*THE PROBLEM*.
What I need is an exact repeat of the lines from the one with "Fotocollectie Anefo —" through the end of the listing below. Leave out every picture.

*RAW DATA*.

-------

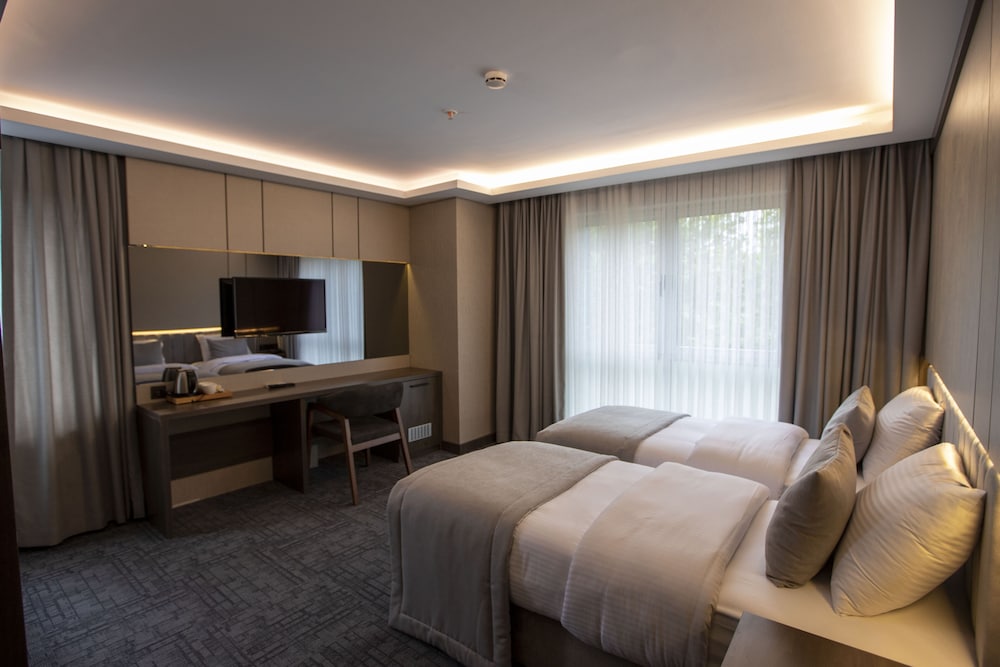 Best Garden Hotel 12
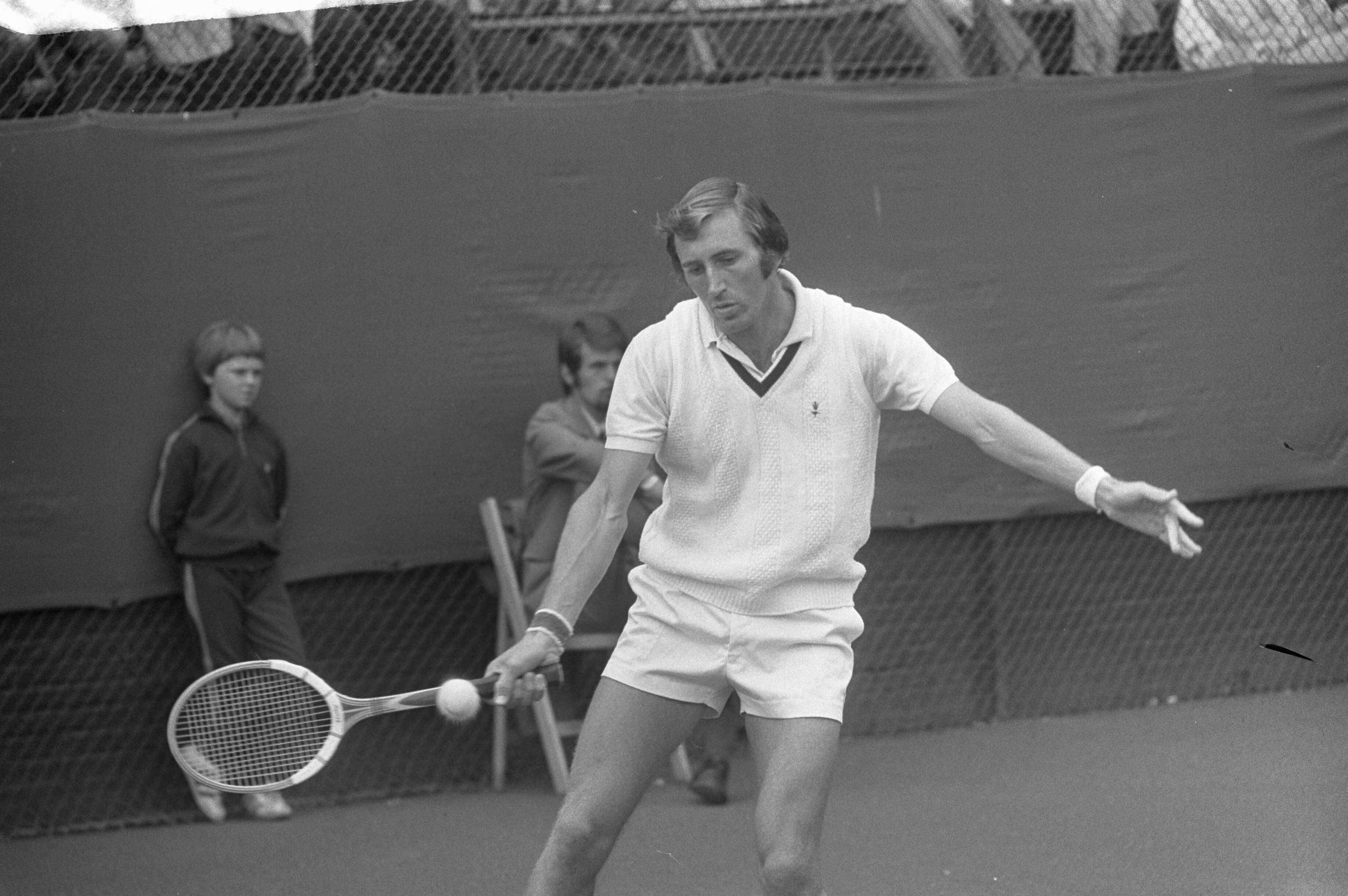 Fotocollectie Anefo — Internationale tenniskampioenschappen te Hilversum. Geza Varga? — Foto: Peters, Hans / Anefo. Licentie: Set B: Rechtenvrij / Publiek Domein. Bron: Nationaal Archief. http://hdl.handle.net/10648/abf0ec00-d0b4-102d-bcf8-003048976d84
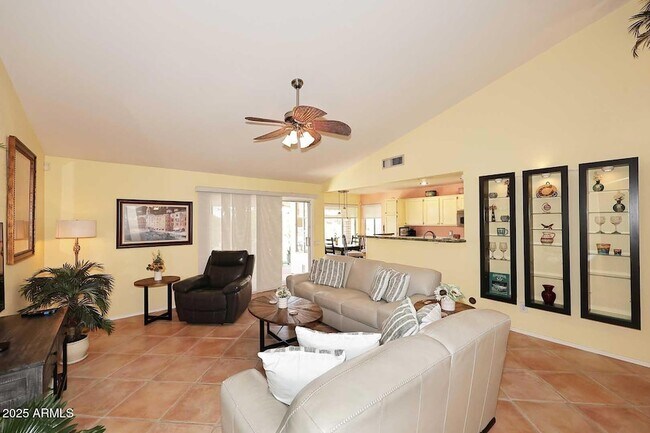 Building Photo - 359 W Brisa Dr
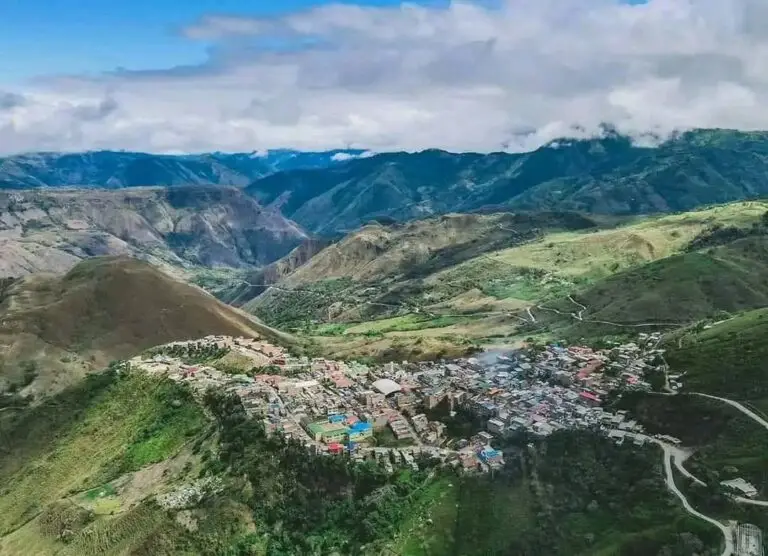 Vista aérea panorámica del casco urbano y la geografía montañosa de Policarpa, Nariño.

-------

*SOLVED PROBLEM*.
 Fotocollectie Anefo — Internationale tenniskampioenschappen te Hilversum. Geza Varga? — Foto: Peters, Hans / Anefo. Licentie: Set B: Rechtenvrij / Publiek Domein. Bron: Nationaal Archief. http://hdl.handle.net/10648/abf0ec00-d0b4-102d-bcf8-003048976d84
 Building Photo - 359 W Brisa Dr
 Vista aérea panorámica del casco urbano y la geografía montañosa de Policarpa, Nariño.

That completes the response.